Under the agreement, BNL will send its nearly 1,500 tons of recyclable materials to the town's main recycling facility. It is expected to save the Lab nearly $17,000 annually and increase the rate of recycling by BNL's 3,000 employees and thousands of visiting scientists.
The Town, which sells its collected recyclables to companies that reclaim the materials for use in new products, is also expected to benefit.
"This will strengthen our relationship with the town, while making it easier for the Lab to do the right thing environmentally," said John Marburger, BNL Director. "Every bottle, every piece of paper that we recycle is a symbol of our commitment to the environment."
Under the contract, BNL will continue to collect and sort its recyclables, including paper, cardboard, plastic, cans, glass and construction debris. The Town will accept the materials as they are brought to its recycling facility in Yaphank, for further sorting and packaging.
The Town will continue to accept the Lab's putrescible waste, while BNL will continue to collect and package its hazardous, radioactive and mixed waste and send it off-site for storage or disposal by licensed contractors.

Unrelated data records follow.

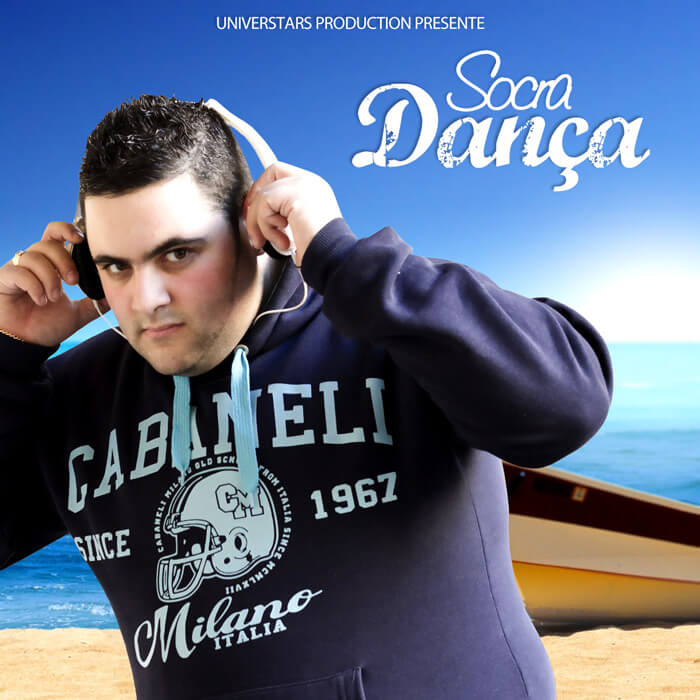 Socra - Dança (Artwork by iKeviin)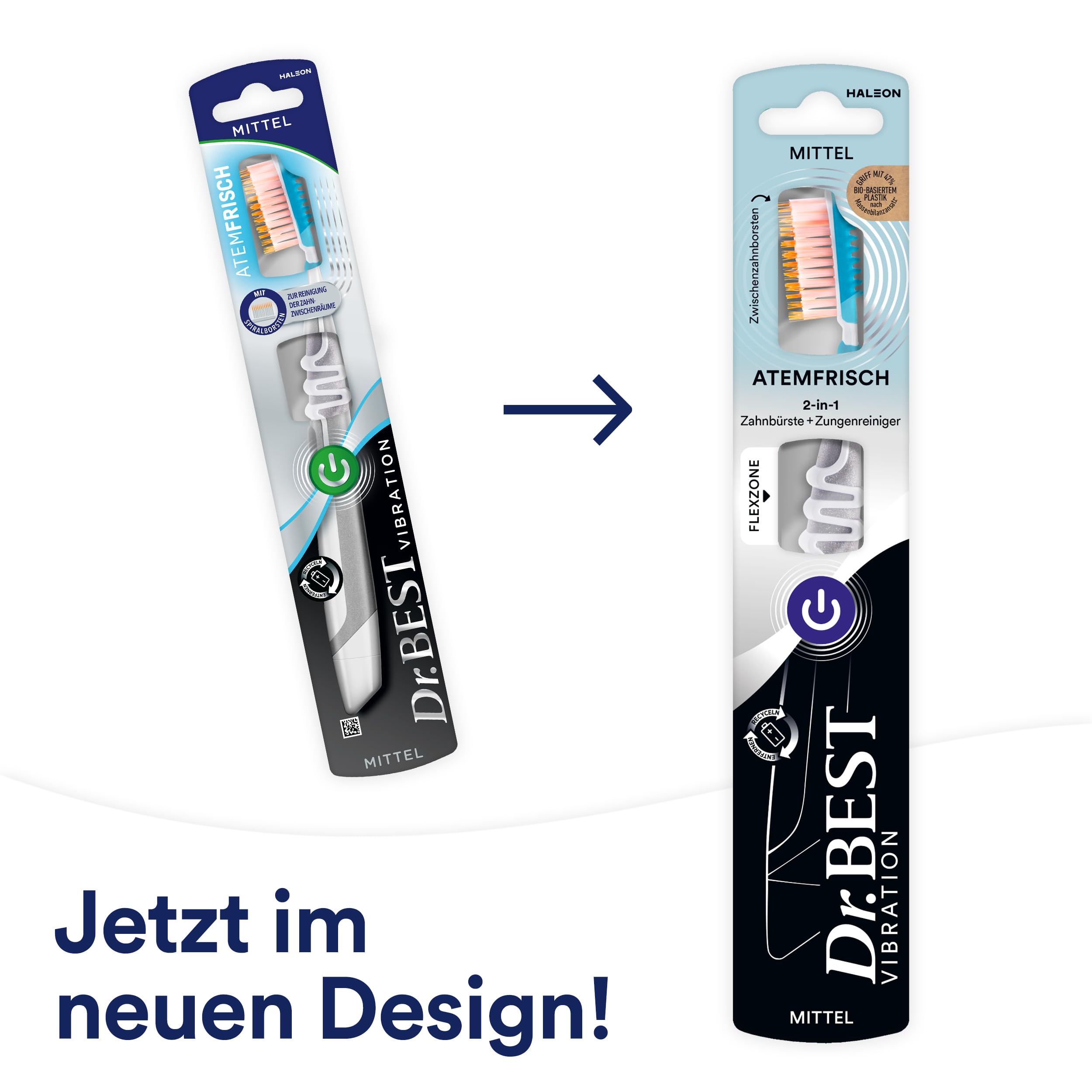 dr-best-vibration-atemfrisch-zahnb-rste-mittel-handzahnb-rste-mit-zungenreiniger image 2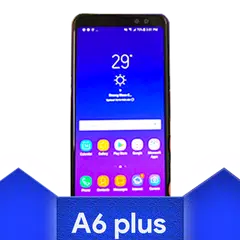 Theme For Galaxy A6 Plus APK 下載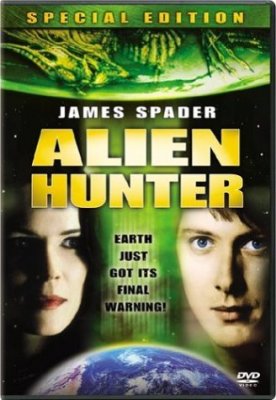 Ateivių medžiotojas / Alien Hunter (2003)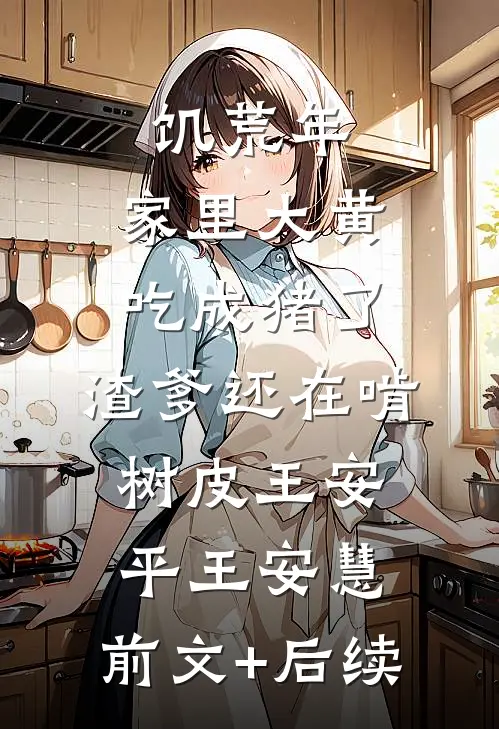 饥荒年：家里大黄吃成猪了，渣爹还在啃树皮王安平王安慧:前文+后续
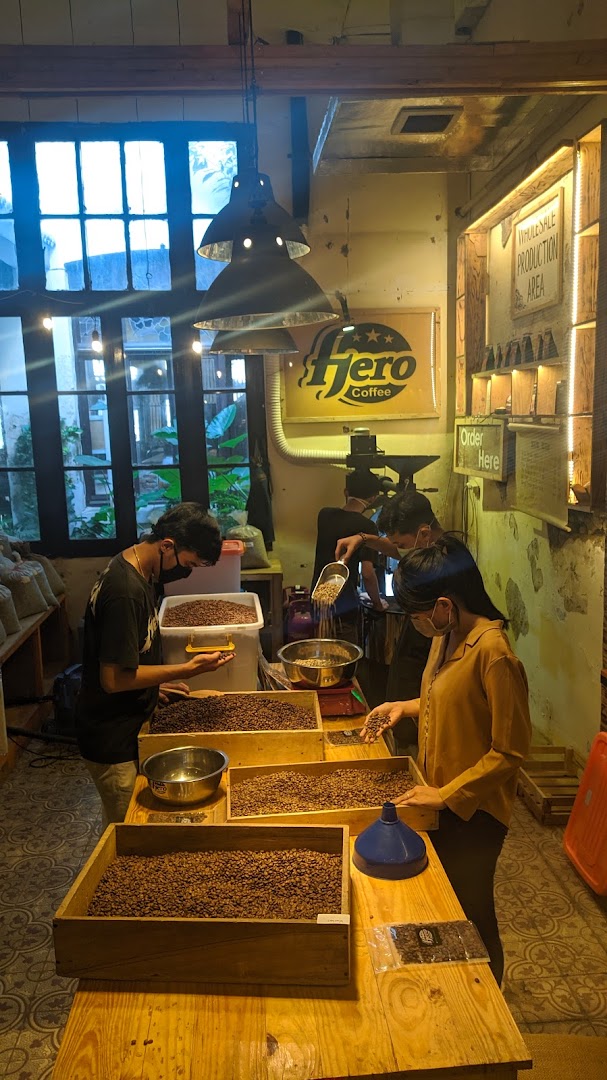 Hero Coffee Indonesia Photo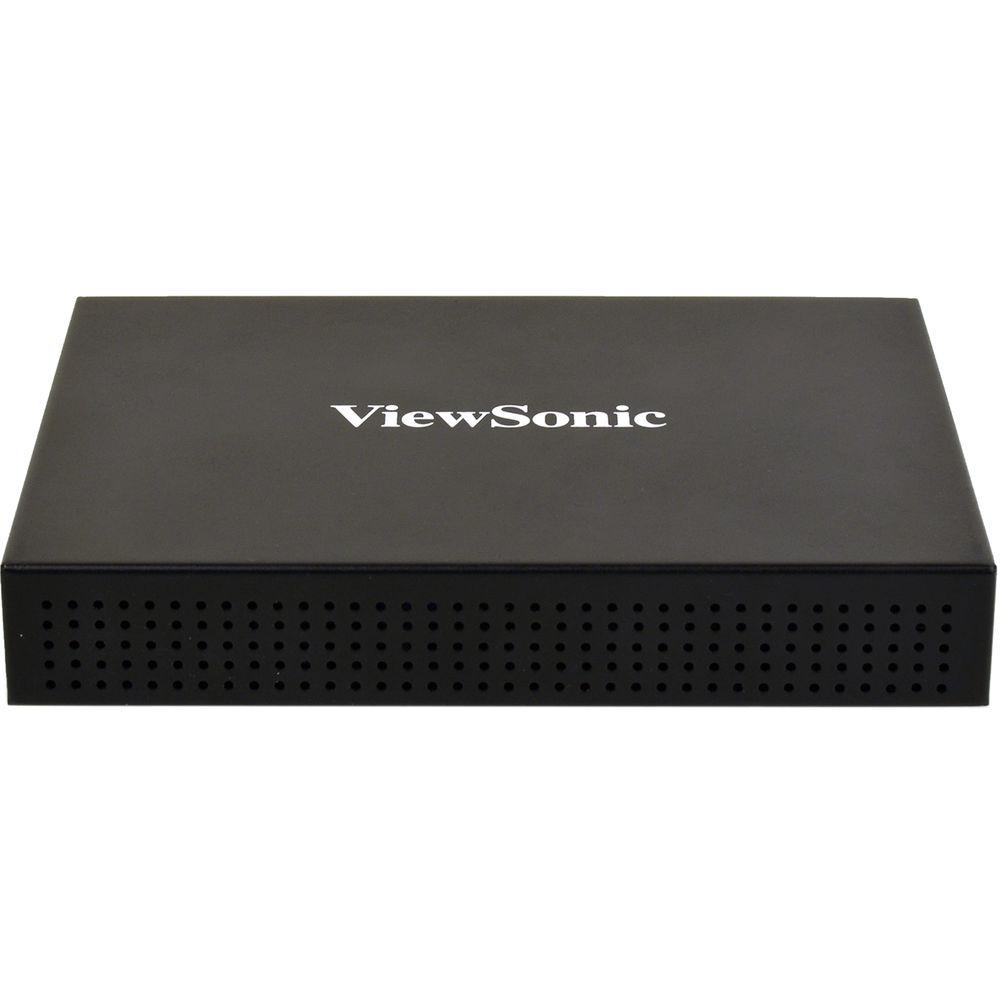 ViewSonic Digital Signage Media Player with Displayit Xpress Software, ViewSonic, Digital, Signage, Media, Player, with, Displayit, Xpress, Software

Each year, BNL recycles approximately 126 tons of paper, 20 tons of bottles and cans, 89 tons of cardboard, 844 tons of construction debris, and 17 tons of tires. Every work area around the Lab has several recycling bins and is assigned a recycling coordinator, and BNL's custodians are trained to ensure that recyclable materials are not thrown out.
Under the new contract, recycling will become even easier for the Lab's employees, as they will not have to separate different kinds of paper. BNL recycling staff expect recycling totals to rise as a result, which will benefit the Lab further by reducing tipping fees for putrescible waste. An on-site publicity campaign has begun to educate employees about the change.